Pas facile d’écrire sur un album m’ayant bouleversé, surtout à partir de son deuxième chapitre. Car il est question ici de roman autobiographique. Amélie Sarn a réellement vécu ce traumatisme. 
  
Autant le dire d’emblée, le sujet (l’inceste) est abordé ici avec brio et la transposition en format dessiné ajoute une certaine pudeur au propos, là où le roman peut mettre vite mal à l’aise (c’est mon avis). 
  
On suit donc Laura, une jeune femme qui passe le plus clair de son temps à côté de sa vie. À s’autodétruire. En manque d’amour. En manque d’insouciance. En manque d’un père. En manque. Bref, le vide intérieur. Le vide ? Non, pas que. Il y a aussi les cris étouffés d’une poupée muette. Elle a envie d’exister, de grandir…  
  
Et par une circonstance bien pensée, le destin va lui en donner la possibilité.  

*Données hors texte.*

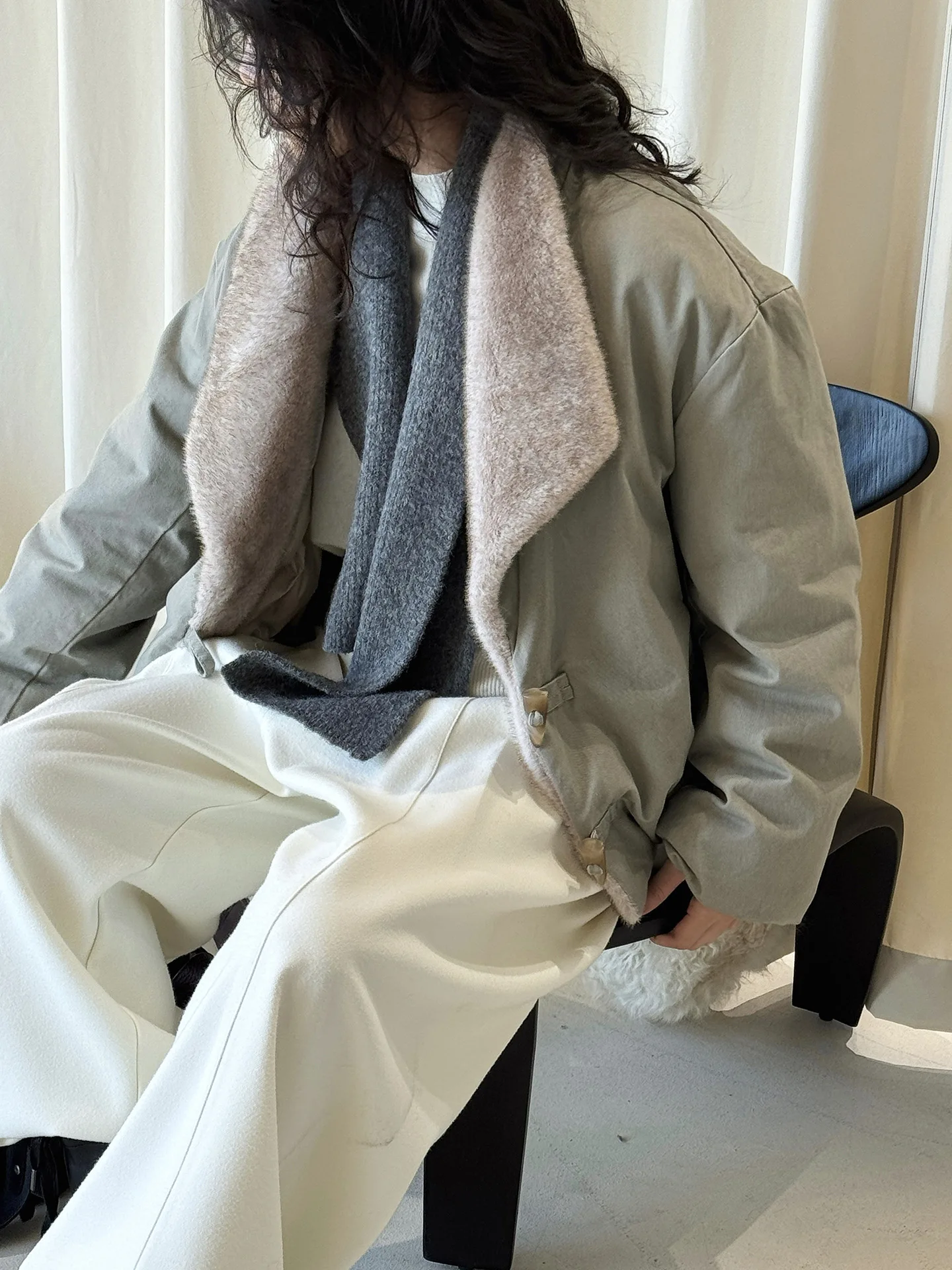 Winter new Korean version fashionable design style flip collar mink fur down jacket, comfortable and warm jacket for women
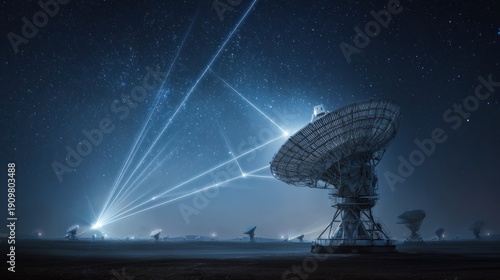 Satellite dish array under a starry night sky with futuristic light beams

C’est ce qu’elle comprendra dans cette chambre d’hôpital, Laura, en entamant un dialogue avec son père, si imposant pour elle : son père, ce jour-là dans le coma, ne pouvant plus réagir, plus crier, « rien ». L’occasion de tout lui dire pour Laura, de déverser sa rancœur, son mal-être… On dit d’ailleurs que les gens dans le coma se souviennent de certaines voix, à heures régulières, alors, sera-ce le cas cette fois ?… 
Là aussi, le destin aura son mot à dire et la fin, inattendue, donne à réfléchir sur le « sens » d’une vengeance, de ce qu’elle implique de repli sur soi, de haine vis-à-vis des autres. Ne vaut-il pas mieux « vivre » pour punir son bourreau ?  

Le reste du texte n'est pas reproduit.